Word Occurence within Document
This page will walk you through using Textractor to find all the occurrences of the word ‘Room’ in a document and visualize them overlayed on the document image.
Installation
To begin, install the amazon-textract-textractor
package using pip. This example requires rasterizing PDFs and using word embeddings to do fuzzy search therefore you need to run:
pip install amazon-textract-textractor[torch,pdf]
There are various sets of dependencies available to tailor your installation to your use case. You can read more on extra dependencies in the documentation
Calling Textract
We use the synchronous API for this example, but any all APIs would support this use case.
[7]:
import os
from textractor import Textractor
extractor = Textractor(profile_name="default")
document = extractor.detect_document_text(
file_source="../../../tests/fixtures/tutorial.pdf",
save_image=True
)
Retrieving word occurences
Words and lines can be search at the document and page level by calling the search_words()
and search_lines()
methods respectively.
[8]:
word_occurences = document.search_words(keyword="Room", top_k=15, similarity_threshold=0.5)
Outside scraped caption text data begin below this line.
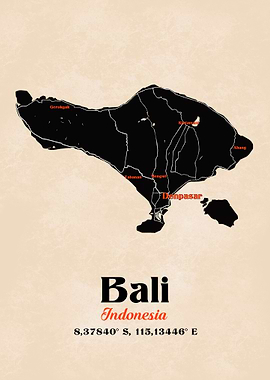 Bali, Indonesia Map Art Print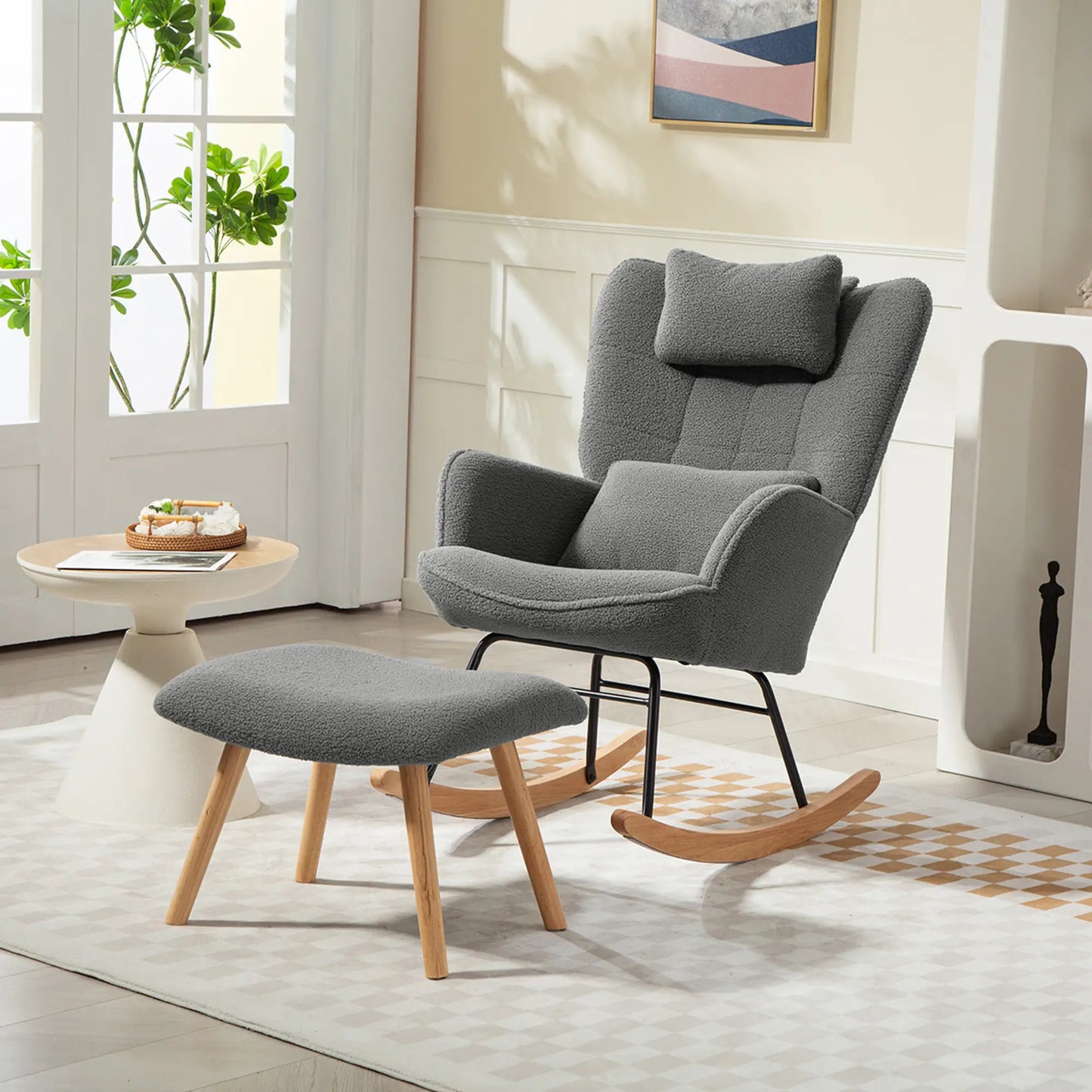 Nancy's Malcesine Schommelstoel - Relaxstoel - Relaxfauteuil - Grijs - Fleece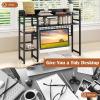 Giantex Desktop Bookshelf, 37″ Desk Shelf for Up to 32″ Computer Monitors, 4 Tier Desktop Display Shelves with Grid Panel, 6 Movable Hooks, Anti-tip Device, Desk Hutch for Home Office Dorm (Black)(Black)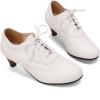 imageSHEMEE Vintage Kitten Heels Oxford Pumps for Women Stacked Cone Heel Victorian Witch Shoes LaceUp Brogues Work Office ShoeWhite 504
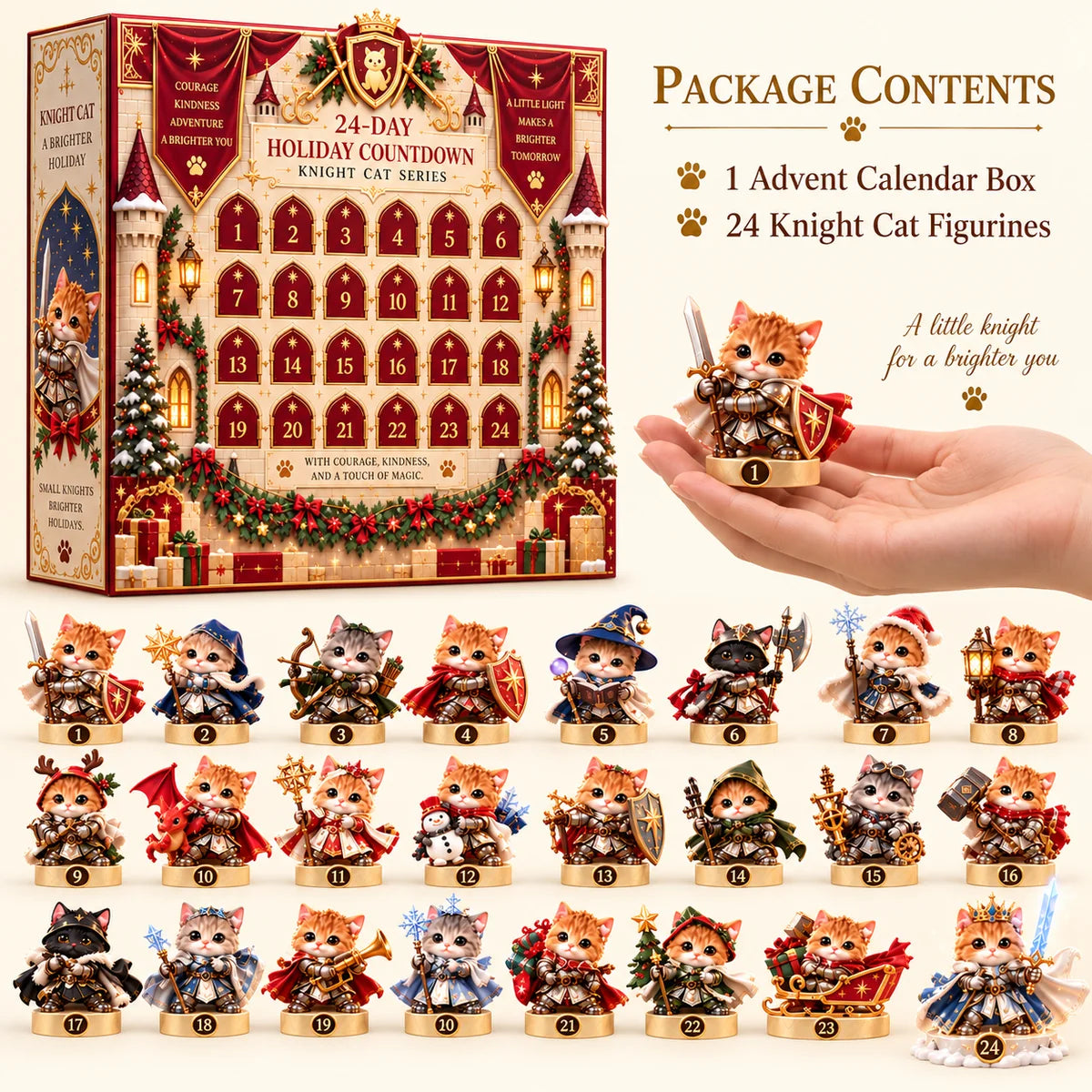 🐱⚔️ 24-Day Knight Cat Advent Calendar – 24 Unique Fantasy Warrior Kitten Figurines, Magical Christmas Countdown Collectibles & Gifts 🎄🎁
print("Number of occurences of the word Room in the document = ", len(word_occurences))
Find words on document page through visualize()
To identify the location of these words on the document, visualize()
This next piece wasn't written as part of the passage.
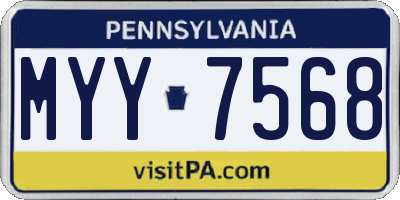 PA license plate MYY7568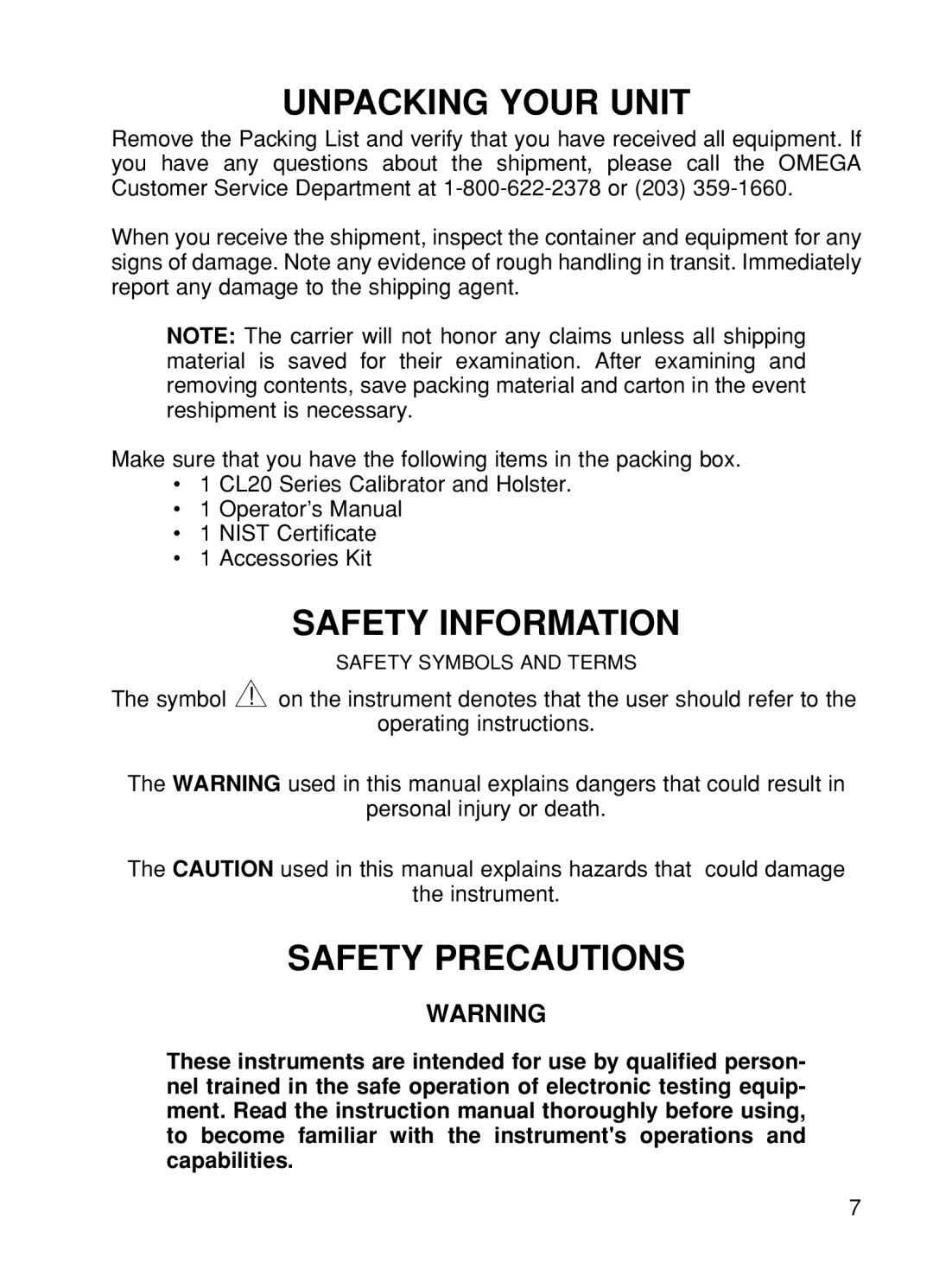 Omega CL26, CL24, CL25, CL27, CL23A manual Unpacking Your Unit, Safety Information, Safety Precautions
method can be called on the object returned by the search_words()
call. This returns PIL Images of the document that contains these word instances along with bounding boxes around these objects.
[11]:
word_occurences.visualize()
[11]:
What if you don’t want to use PyTorch?
PyTorch gives the most accurate results, but it also uses more compute resources and might be overkill for your use case. This is why Textractor comes built-in with other string matching algorithms.
[14]:
from textractor.data.constants import SimilarityMetric
word_occurences = document.search_words(
keyword="Room",
top_k=15,
similarity_threshold=0.5,
similarity_metric=SimilarityMetric.LEVENSHTEIN
)
print("Number of occurences of the word Room in the document = ", len(word_occurences))
Number of occurences of the word Room in the document = 10
[15]:
word_occurences.visualize()
[15]:
Conclusion
There are many more supported APIs and usecases in Textractor, if this did not address your use case, we encourage you to look at the other examples.